-- Given records --
---+---

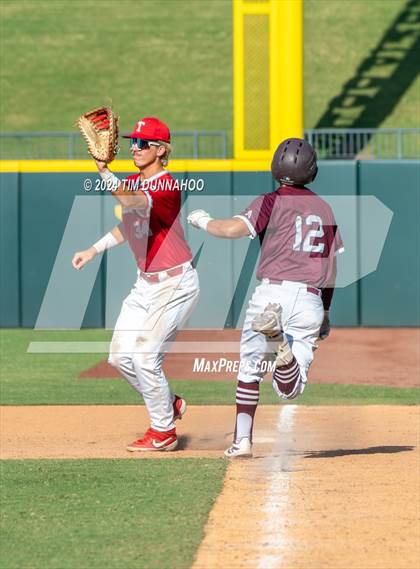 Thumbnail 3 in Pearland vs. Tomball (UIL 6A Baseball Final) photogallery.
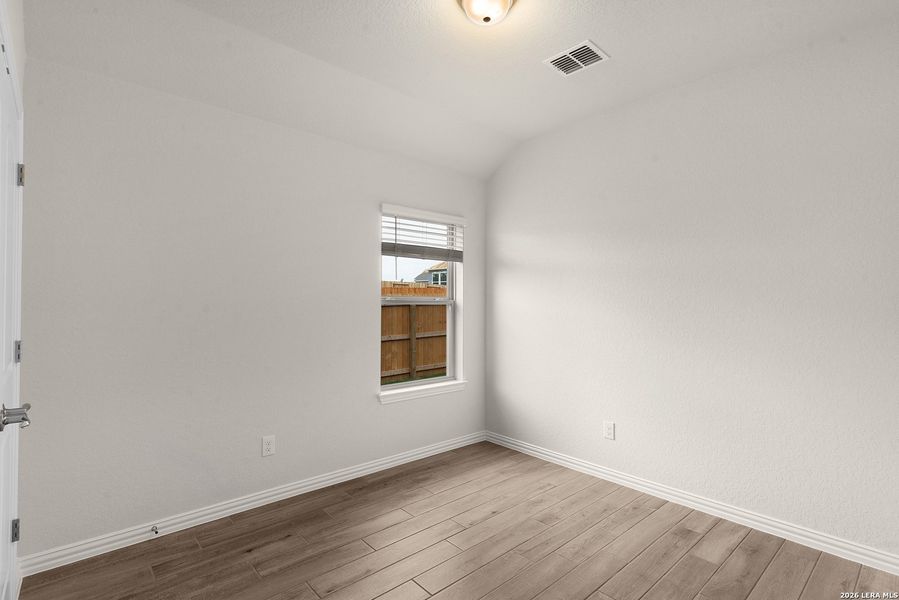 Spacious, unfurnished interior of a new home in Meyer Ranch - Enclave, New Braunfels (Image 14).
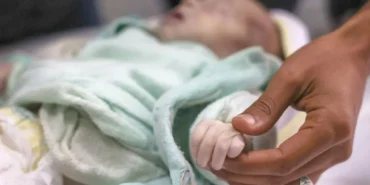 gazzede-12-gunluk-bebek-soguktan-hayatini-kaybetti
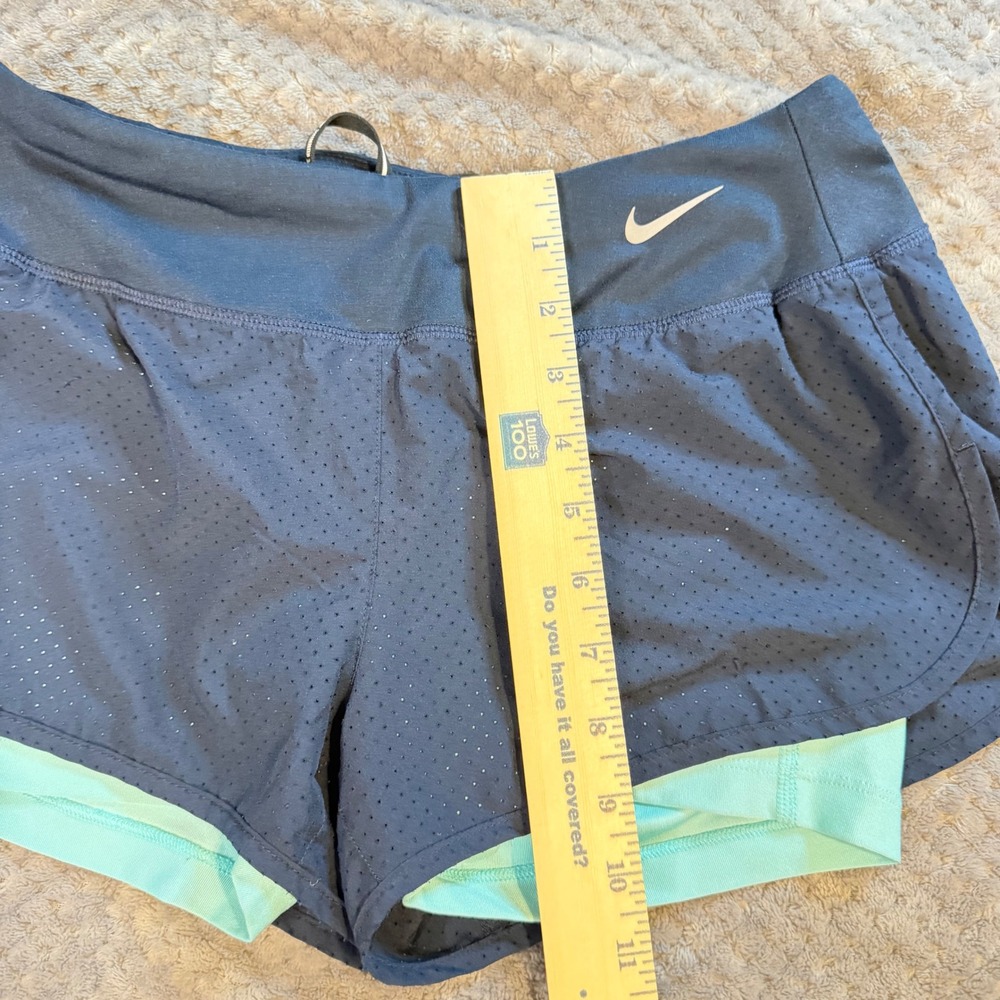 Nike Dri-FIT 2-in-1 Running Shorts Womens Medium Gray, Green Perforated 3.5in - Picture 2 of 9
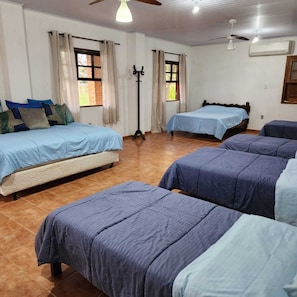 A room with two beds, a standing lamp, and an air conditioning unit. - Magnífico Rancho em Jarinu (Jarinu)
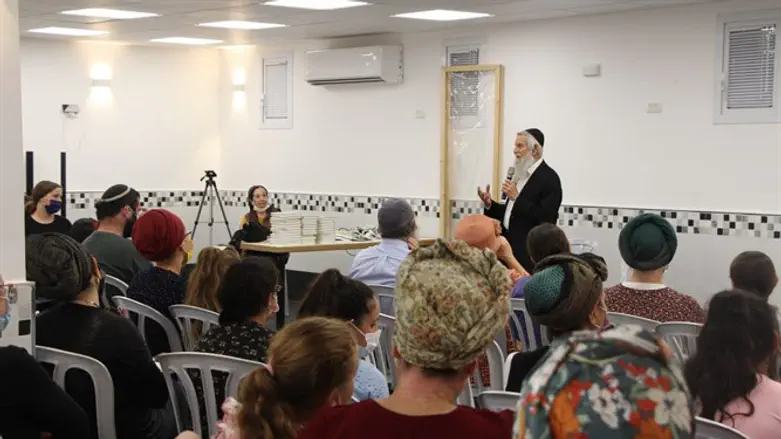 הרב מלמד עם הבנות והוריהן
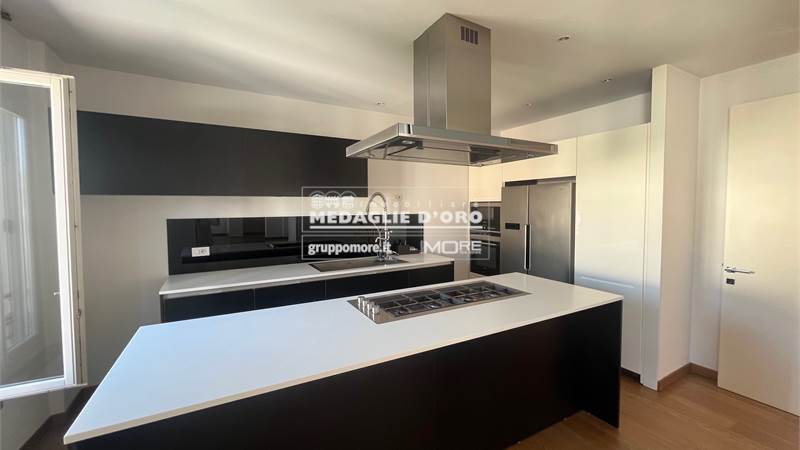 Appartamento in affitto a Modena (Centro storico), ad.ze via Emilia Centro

---+---

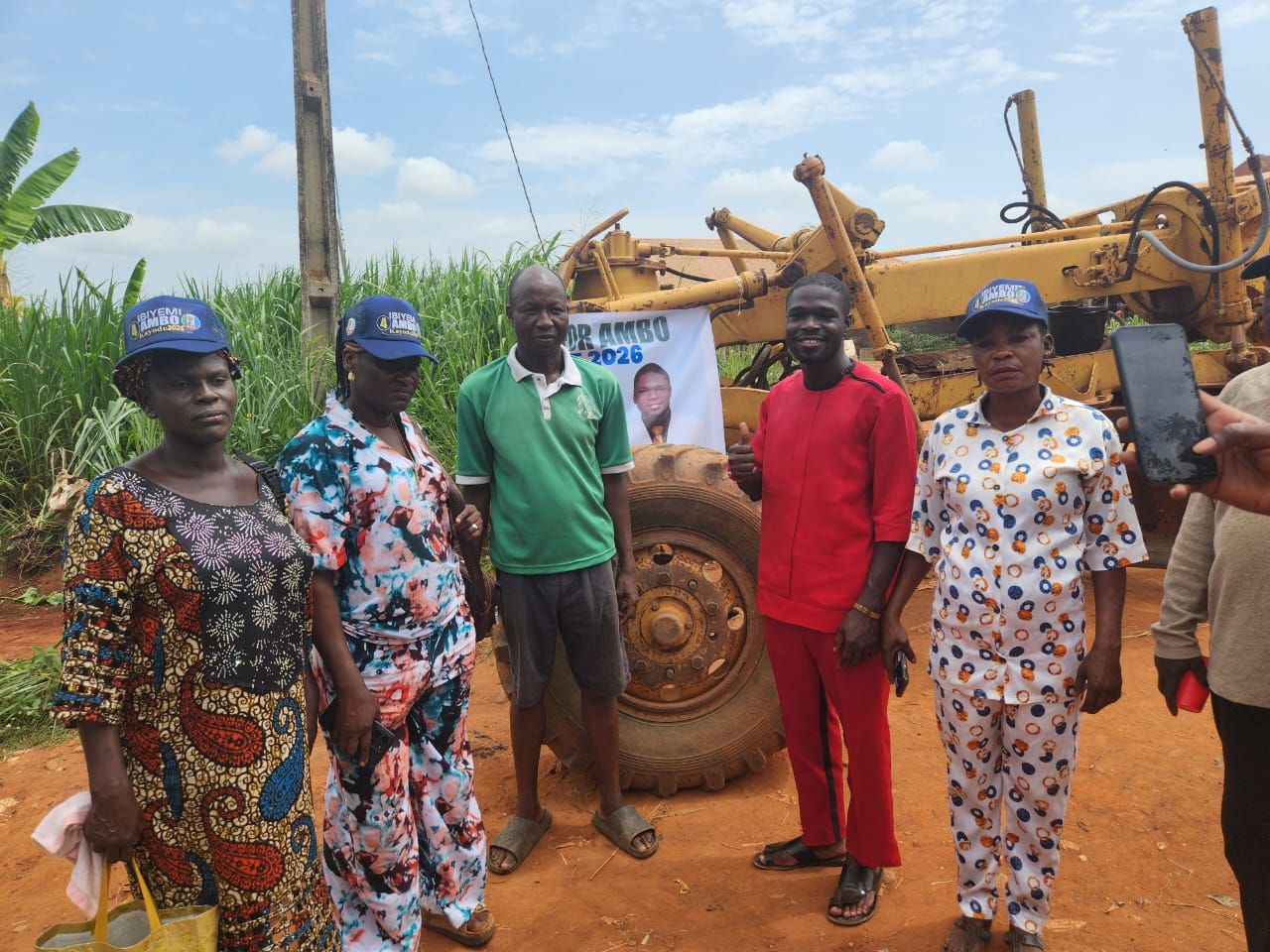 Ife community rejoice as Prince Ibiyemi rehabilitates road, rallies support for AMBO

---+---

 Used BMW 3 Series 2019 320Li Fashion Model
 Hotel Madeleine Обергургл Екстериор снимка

---+---

-- Task --
Looking above, find the stretch of lines that opens with the one holding "A room with" and closes with the one holding "Appartamento in affitto". Copy it exactly, pictures excluded.

-- Reply to the exercise --
 A room with two beds, a standing lamp, and an air conditioning unit. - Magnífico Rancho em Jarinu (Jarinu)
 הרב מלמד עם הבנות והוריהן
 Appartamento in affitto a Modena (Centro storico), ad.ze via Emilia Centro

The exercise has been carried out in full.